With the pictures left out, repeat every entry that follows exactly.

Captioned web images
····················
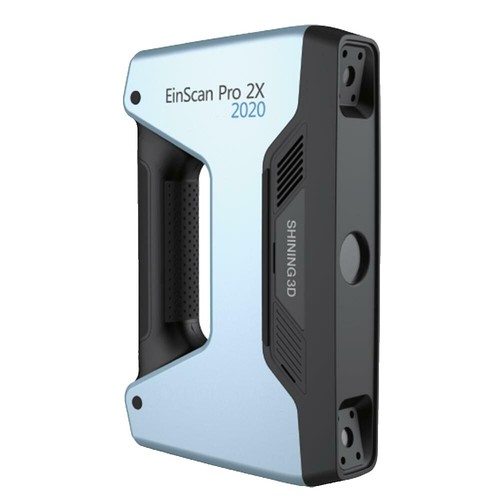 Open Box - EinScan Pro HD Handheld 3D Scanner + Color Pack HD w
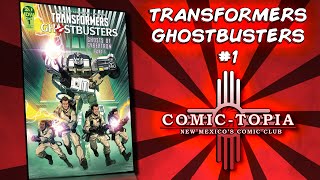 Transformers x Ghostbusters #1 (2019) Comic Review | First Appearance of Ectotron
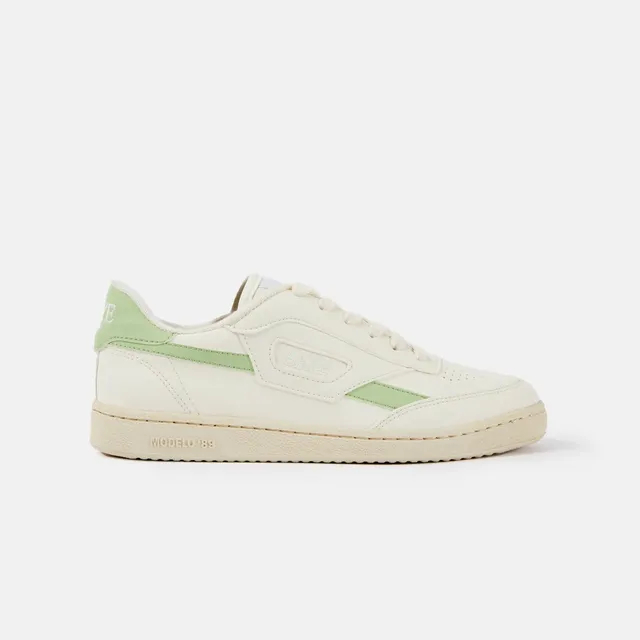 saye-m89-icon-lime-vegane-retro-sneaker image 1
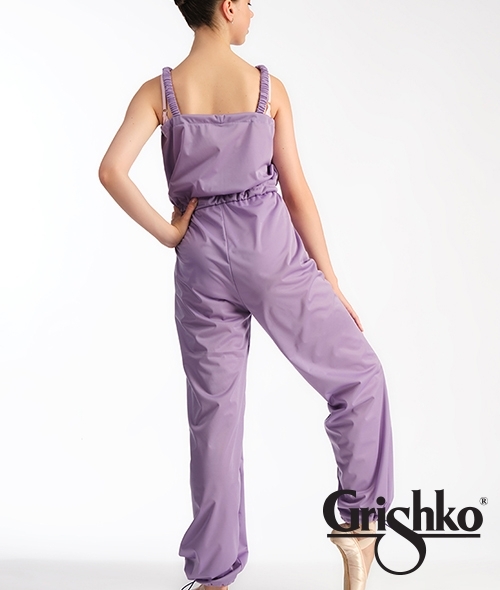 Grishko - 0403PT Warm-up Unitard (땀복)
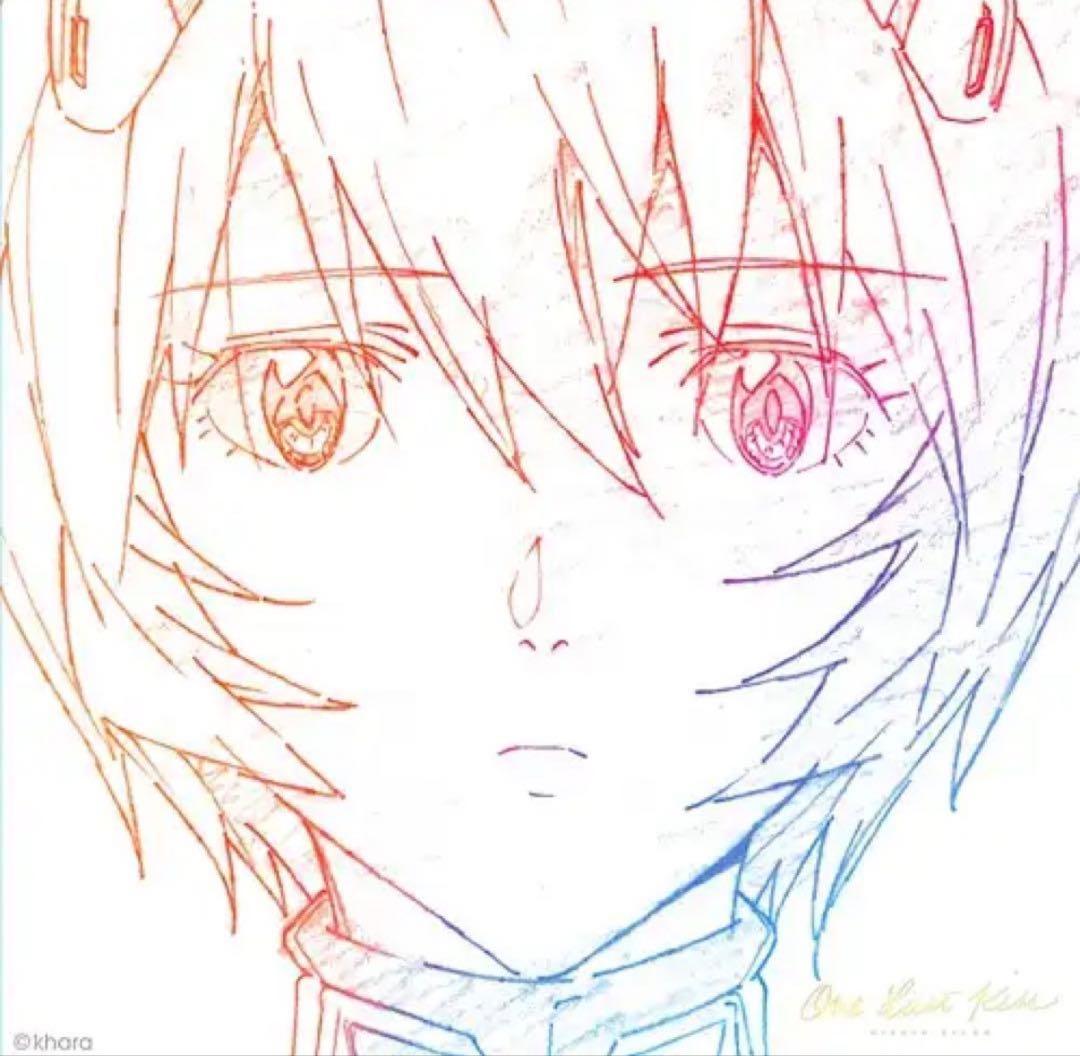 新品/宇多田ヒカル LP レコード One Last Kiss 綾波レイ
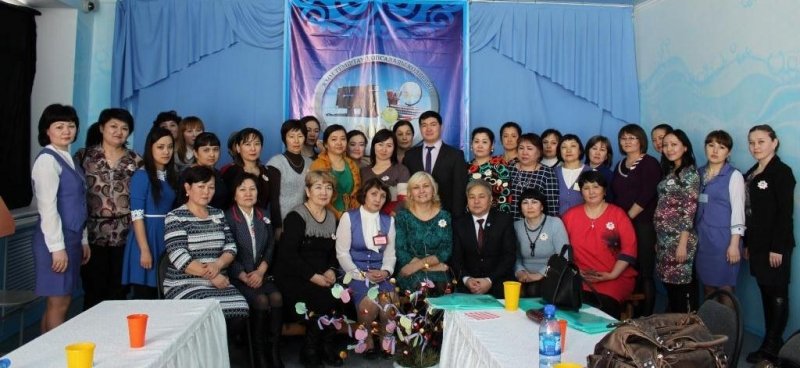 24 февраля  на базе Темиртауского многопрофильного колледжа «Мирас» проводилось ОМО преподавателей казахского языка и литературы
····················
RESPONSE TO THIS EXERCISE
 Open Box - EinScan Pro HD Handheld 3D Scanner + Color Pack HD w
 Transformers x Ghostbusters #1 (2019) Comic Review | First Appearance of Ectotron
 saye-m89-icon-lime-vegane-retro-sneaker image 1
 Grishko - 0403PT Warm-up Unitard (땀복)
 新品/宇多田ヒカル LP レコード One Last Kiss 綾波レイ
 24 февраля  на базе Темиртауского многопрофильного колледжа «Мирас» проводилось ОМО преподавателей казахского языка и литературы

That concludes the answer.